Image-based artist Ricky Weaver will join the Stamps School of Art & Design faculty in the fall of 2024 as an assistant professor of art and design. She will begin teaching in the Winter 2025 semester. She is currently an associate professor at ArtCenter College of Design and Co-founder for The Institute for Black Girls in Film and Media in Pasadena, California. Born and raised in Michigan, Weaver earned a BFA from Eastern Michigan University and her MFA from Cranbrook Academy of Art.
Weaver says author bell hooks’ quote about teaching inspires her: “To teach in a manner that respects and cares for the souls of our students is essential if we are to provide the necessary conditions where learning can most deeply and intimately begin.”
“To teach in this manner to facilitate the necessary conditions for an embodied learning experience, requires me to be engaged with each individual’s trajectory,” said Weaver. “Learning is growth and there are times when the process of growing can be uncomfortable. However, this contemporary moment demands a lot of growth and art can help with that process. I also think it’s important as a faculty member to remember that finding your identity as artist and maker is a tender moment and that our pedagogy must center on holistic care for students.”
Weaver’s object-oriented creative practice allows space for theorizing images in a way that extends beyond the photograph. Her practice interrogates how the body, hymn, scripture, and the everyday appear as images and how that image functions as both archives and vessels. Weaver has exhibited her work internationally, including at fairs such as ParisPhoto, EXPO Chicago, and Art Miami.

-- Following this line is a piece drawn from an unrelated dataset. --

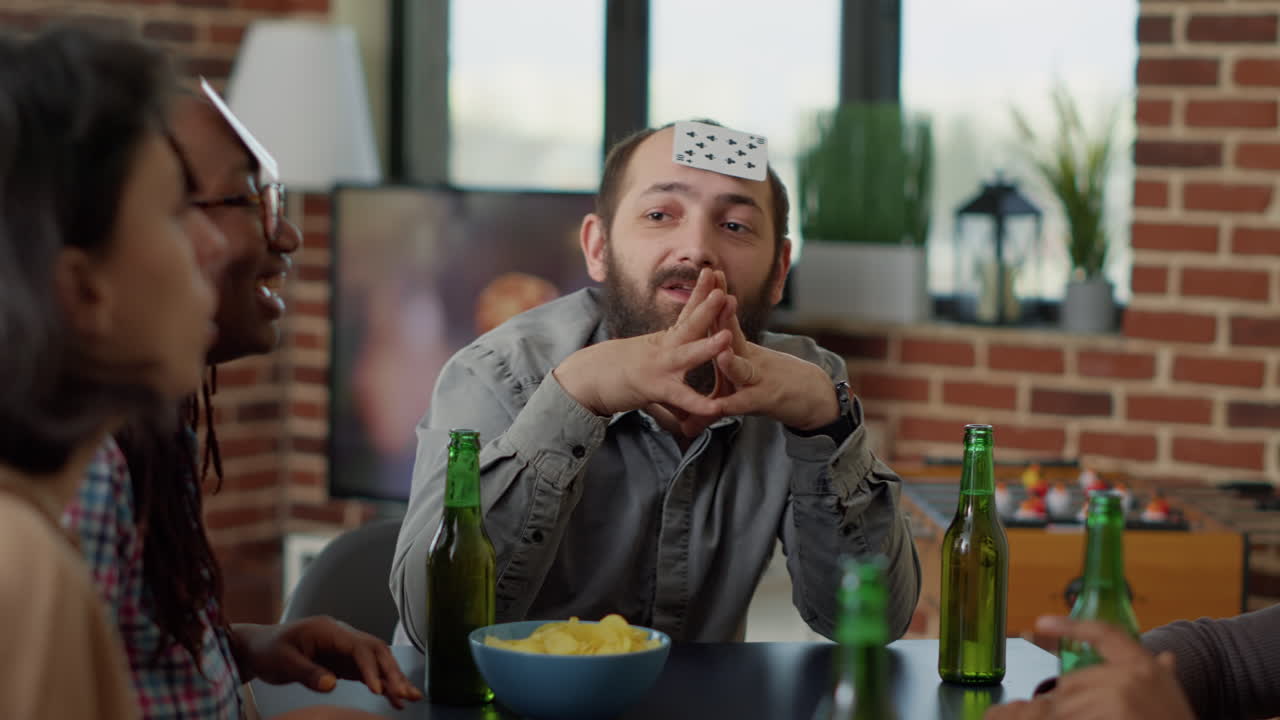 Multiethnic group of people laughing together at board games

Her work has been acquired by institutions, including the Black Studies Gallery at UT Austin, The Detroit Institute of Arts, and The Wedge Collection.

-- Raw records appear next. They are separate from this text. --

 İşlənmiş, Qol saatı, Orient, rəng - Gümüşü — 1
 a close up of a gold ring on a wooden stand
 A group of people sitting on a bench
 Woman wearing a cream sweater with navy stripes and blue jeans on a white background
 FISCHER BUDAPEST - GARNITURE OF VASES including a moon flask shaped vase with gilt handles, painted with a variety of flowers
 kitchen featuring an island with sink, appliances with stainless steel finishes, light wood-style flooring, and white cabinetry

In addition to her creative practice, Weaver has been immersed in her research, which is about developing her own ontological framework from the perspective of image and how she defines image.

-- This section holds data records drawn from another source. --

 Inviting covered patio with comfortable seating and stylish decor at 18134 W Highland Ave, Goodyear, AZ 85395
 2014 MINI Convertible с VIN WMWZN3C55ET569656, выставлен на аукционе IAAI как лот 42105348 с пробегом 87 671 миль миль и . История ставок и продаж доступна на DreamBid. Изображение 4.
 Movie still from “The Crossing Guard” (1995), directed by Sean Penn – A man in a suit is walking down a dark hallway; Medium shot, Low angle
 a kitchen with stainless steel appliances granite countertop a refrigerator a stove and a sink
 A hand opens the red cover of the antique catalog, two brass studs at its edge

“The term image extends beyond the photograph – a thought, sound, feeling — any representation. For my own research, I’m Interested in the accumulation of the images we internalize and how they inform the ways we embody and produce material culture. I call that the meta-archive. I focused on ancestral image-based ontology as a way to account for images we are born with,” said Weaver.
Her scholarly endeavors have earned her opportunities, such as the Independent Scholar Fellowship at The Carr Center Detroit and the University of Michigan Institute for the Humanities exhibition and fellowship award.
Returning to southeastern Michigan, where she grew up and attended school, is especially meaningful for Weaver. With her local ties, she plans to have a studio in Detroit so she can be closer to her community. She told her mother that the only way she would leave California was if she was offered the opportunity to be a faculty member at the University of Michigan.
“Joining the Stamps School is so exciting for me, professionally and personally,” said Weaver. “My grandmother, Audrey Weaver, was a long time U‑M employee. As both an artist and faculty member, reconnecting to the creative community in Ann Arbor, Ypsilanti, and Detroit is particularly meaningful. I am looking forward to this homecoming.”